### The records

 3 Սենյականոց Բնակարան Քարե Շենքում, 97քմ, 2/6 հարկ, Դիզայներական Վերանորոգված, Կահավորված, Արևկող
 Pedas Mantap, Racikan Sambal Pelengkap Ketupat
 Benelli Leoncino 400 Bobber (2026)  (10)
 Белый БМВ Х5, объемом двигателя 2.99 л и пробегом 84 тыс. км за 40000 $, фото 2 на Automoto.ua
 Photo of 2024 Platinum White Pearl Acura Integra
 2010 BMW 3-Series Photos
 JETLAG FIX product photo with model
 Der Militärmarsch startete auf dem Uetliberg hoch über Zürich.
--
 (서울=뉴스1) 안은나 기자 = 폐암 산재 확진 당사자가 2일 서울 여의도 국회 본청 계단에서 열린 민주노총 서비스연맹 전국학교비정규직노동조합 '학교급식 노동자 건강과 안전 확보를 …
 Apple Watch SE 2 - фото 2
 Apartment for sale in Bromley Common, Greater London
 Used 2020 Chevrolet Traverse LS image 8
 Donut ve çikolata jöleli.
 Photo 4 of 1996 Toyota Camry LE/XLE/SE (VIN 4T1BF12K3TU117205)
==
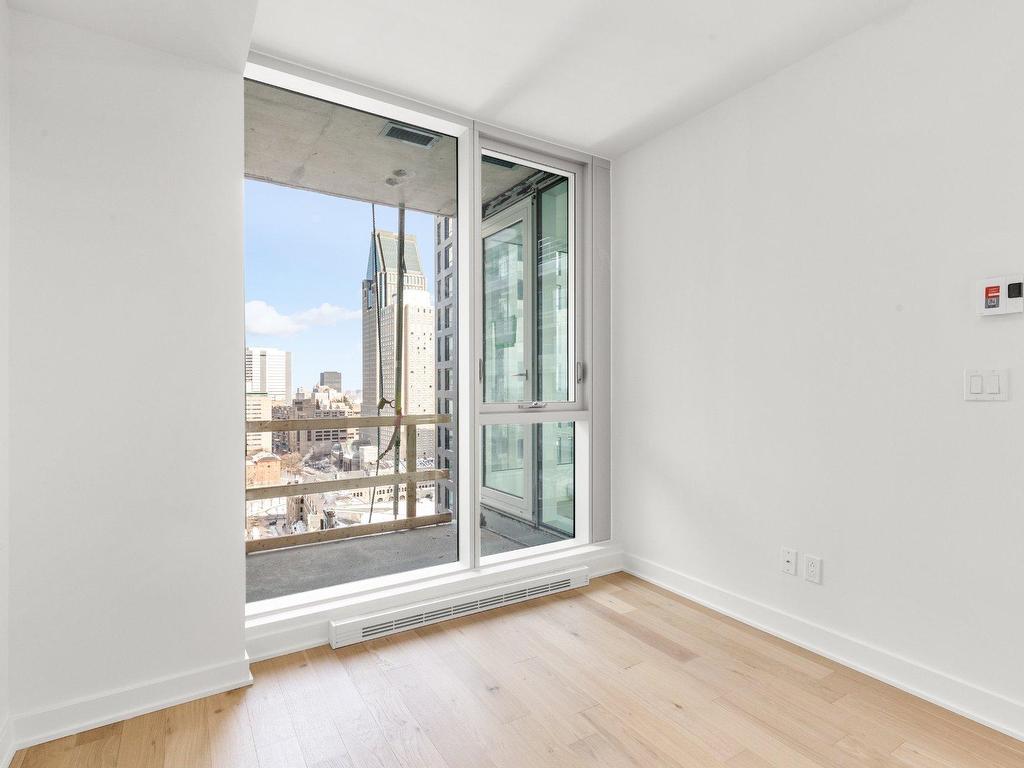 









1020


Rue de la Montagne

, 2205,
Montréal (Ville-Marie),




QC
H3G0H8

### What to produce
Using the data above, repeat exactly the lines that begin at the line with "3 Սենյականոց Բնակարան" and end at the line with "Der Militärmarsch startete", both ends included.

### Output
 3 Սենյականոց Բնակարան Քարե Շենքում, 97քմ, 2/6 հարկ, Դիզայներական Վերանորոգված, Կահավորված, Արևկող
 Pedas Mantap, Racikan Sambal Pelengkap Ketupat
 Benelli Leoncino 400 Bobber (2026)  (10)
 Белый БМВ Х5, объемом двигателя 2.99 л и пробегом 84 тыс. км за 40000 $, фото 2 на Automoto.ua
 Photo of 2024 Platinum White Pearl Acura Integra
 2010 BMW 3-Series Photos
 JETLAG FIX product photo with model
 Der Militärmarsch startete auf dem Uetliberg hoch über Zürich.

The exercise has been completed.